(Available data Opens)

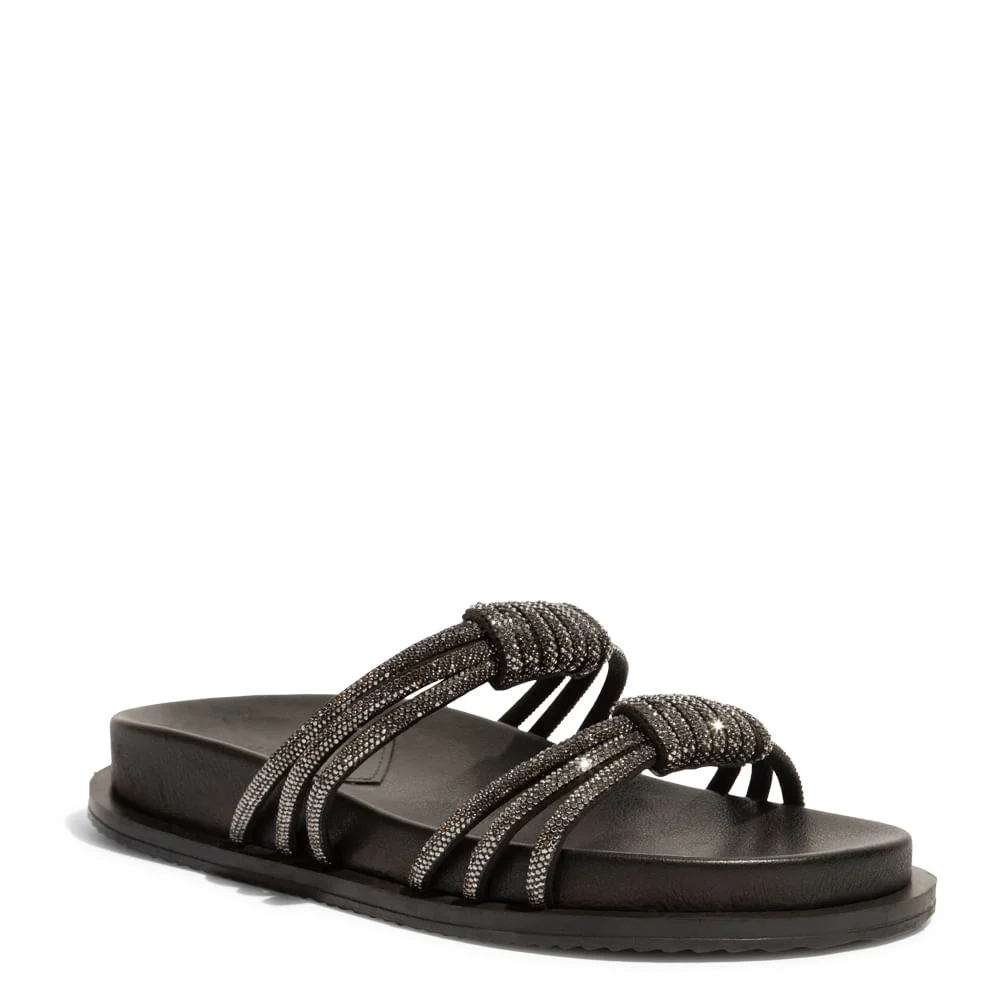 Papete Couro Confort Preto Strass - vista 2 de 5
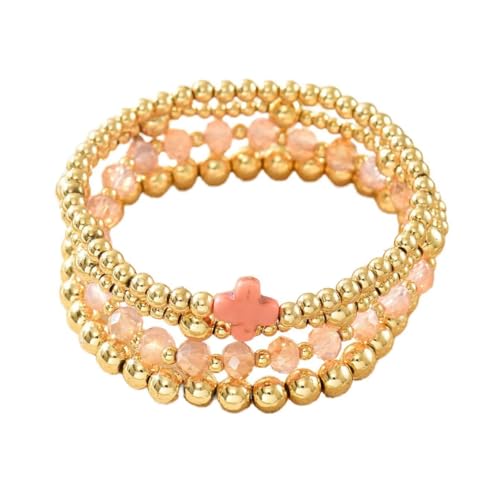 Colorful Cross Charm Bracelets for Women Men Adjustable Gold Plated Beaded Bracelet Boho Bead Ball Stretch Bracelet Birthday Summer Beach Jewelry - color: Pink B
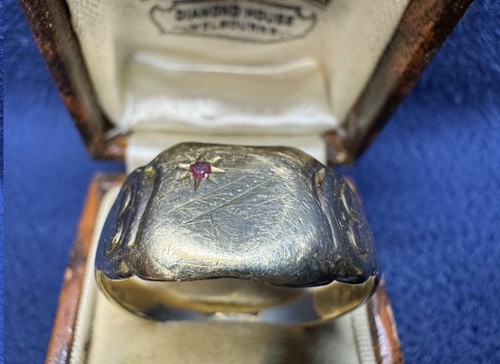 Vintage 9ct gold ruby - gold, mens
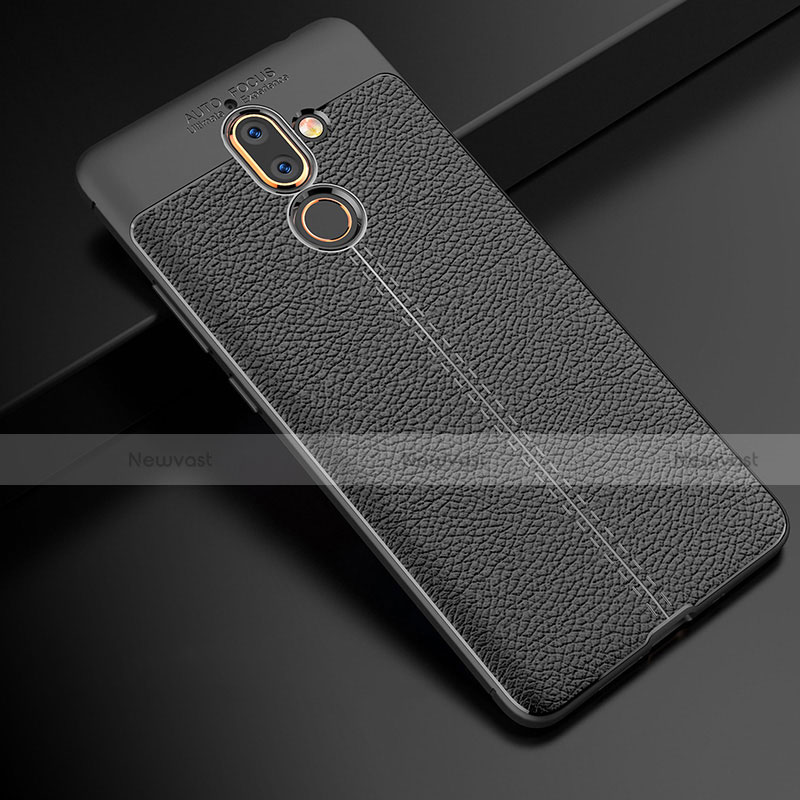Soft Silicone Gel Leather Snap On Case for Nokia 7 Plus Black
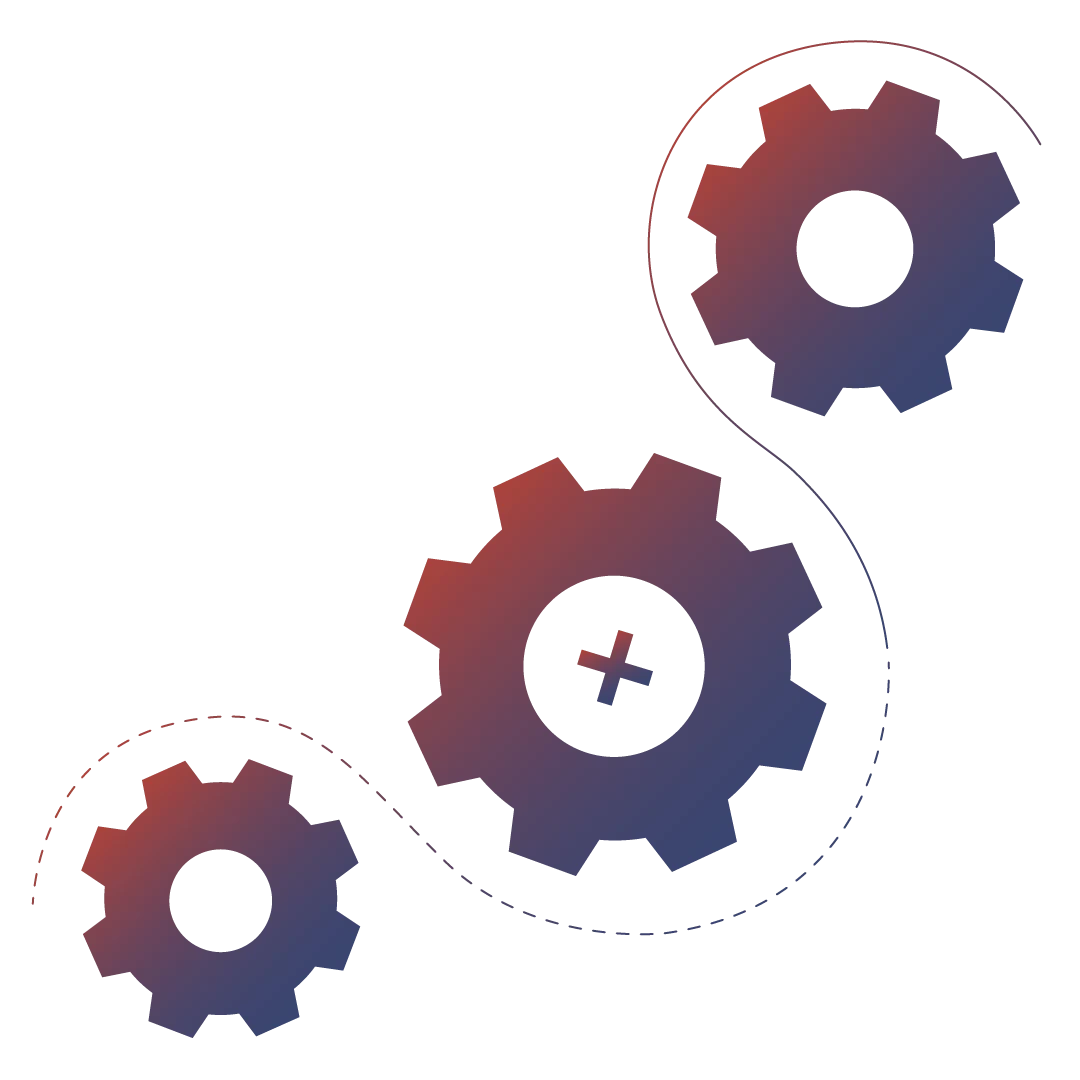 HFK1676 Illustration eines Prozesses. Zeigt eine Person, die eine Linie um Zahnräder herum mahlt.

(Available data Closes)

Exercise: Return verbatim every line from the one holding "Vintage 9ct gold ruby - gold, mens" to the end of the records above. Do not copy the pictures.

Exercise response:
 Vintage 9ct gold ruby - gold, mens
Soft Silicone Gel Leather Snap On Case for Nokia 7 Plus Black
 HFK1676 Illustration eines Prozesses. Zeigt eine Person, die eine Linie um Zahnräder herum mahlt.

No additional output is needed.